= Input records =
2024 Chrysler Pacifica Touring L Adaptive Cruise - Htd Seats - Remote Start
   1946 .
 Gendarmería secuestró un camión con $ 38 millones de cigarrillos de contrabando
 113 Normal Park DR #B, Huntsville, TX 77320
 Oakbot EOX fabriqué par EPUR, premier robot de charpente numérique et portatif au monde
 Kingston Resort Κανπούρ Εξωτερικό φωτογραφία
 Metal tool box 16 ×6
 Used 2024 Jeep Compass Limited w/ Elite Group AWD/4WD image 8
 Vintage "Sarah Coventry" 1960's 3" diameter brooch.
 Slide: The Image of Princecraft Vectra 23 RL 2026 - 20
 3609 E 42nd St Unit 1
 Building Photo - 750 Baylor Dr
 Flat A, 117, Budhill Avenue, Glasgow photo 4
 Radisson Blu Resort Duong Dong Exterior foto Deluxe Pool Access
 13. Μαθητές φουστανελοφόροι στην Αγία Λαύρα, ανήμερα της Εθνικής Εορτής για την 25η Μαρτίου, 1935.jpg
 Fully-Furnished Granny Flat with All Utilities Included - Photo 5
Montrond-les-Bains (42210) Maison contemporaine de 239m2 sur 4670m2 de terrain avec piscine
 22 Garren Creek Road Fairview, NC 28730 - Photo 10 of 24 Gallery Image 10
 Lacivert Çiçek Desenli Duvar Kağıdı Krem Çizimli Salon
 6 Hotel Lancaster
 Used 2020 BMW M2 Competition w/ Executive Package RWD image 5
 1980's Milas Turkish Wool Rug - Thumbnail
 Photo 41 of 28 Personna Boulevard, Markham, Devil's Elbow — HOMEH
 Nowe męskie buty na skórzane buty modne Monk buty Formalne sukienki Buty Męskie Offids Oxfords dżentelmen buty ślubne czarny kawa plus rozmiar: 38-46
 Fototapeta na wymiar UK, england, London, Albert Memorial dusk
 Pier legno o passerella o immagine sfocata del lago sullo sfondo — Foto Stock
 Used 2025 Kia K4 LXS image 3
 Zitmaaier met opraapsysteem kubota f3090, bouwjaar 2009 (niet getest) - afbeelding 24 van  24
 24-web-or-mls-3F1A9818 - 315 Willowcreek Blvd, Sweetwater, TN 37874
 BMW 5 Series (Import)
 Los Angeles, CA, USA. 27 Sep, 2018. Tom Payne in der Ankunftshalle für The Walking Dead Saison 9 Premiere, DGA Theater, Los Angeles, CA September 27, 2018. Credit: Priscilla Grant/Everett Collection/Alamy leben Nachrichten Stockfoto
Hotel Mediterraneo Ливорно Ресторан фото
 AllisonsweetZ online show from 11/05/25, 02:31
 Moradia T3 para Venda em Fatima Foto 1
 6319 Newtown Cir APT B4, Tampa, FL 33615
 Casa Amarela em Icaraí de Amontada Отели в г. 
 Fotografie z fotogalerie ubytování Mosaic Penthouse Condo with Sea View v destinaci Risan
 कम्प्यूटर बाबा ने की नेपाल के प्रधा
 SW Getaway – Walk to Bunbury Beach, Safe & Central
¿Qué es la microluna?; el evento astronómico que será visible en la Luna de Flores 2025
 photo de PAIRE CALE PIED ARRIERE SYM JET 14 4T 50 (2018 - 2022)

= What to work on =
Which lines run from the one holding "Casa Amarela em" through the one holding "SW Getaway –" in the records above? Repeat them exactly, both included, and nothing more.

= Your solution =
 Casa Amarela em Icaraí de Amontada Отели в г. 
 Fotografie z fotogalerie ubytování Mosaic Penthouse Condo with Sea View v destinaci Risan
 कम्प्यूटर बाबा ने की नेपाल के प्रधा
 SW Getaway – Walk to Bunbury Beach, Safe & Central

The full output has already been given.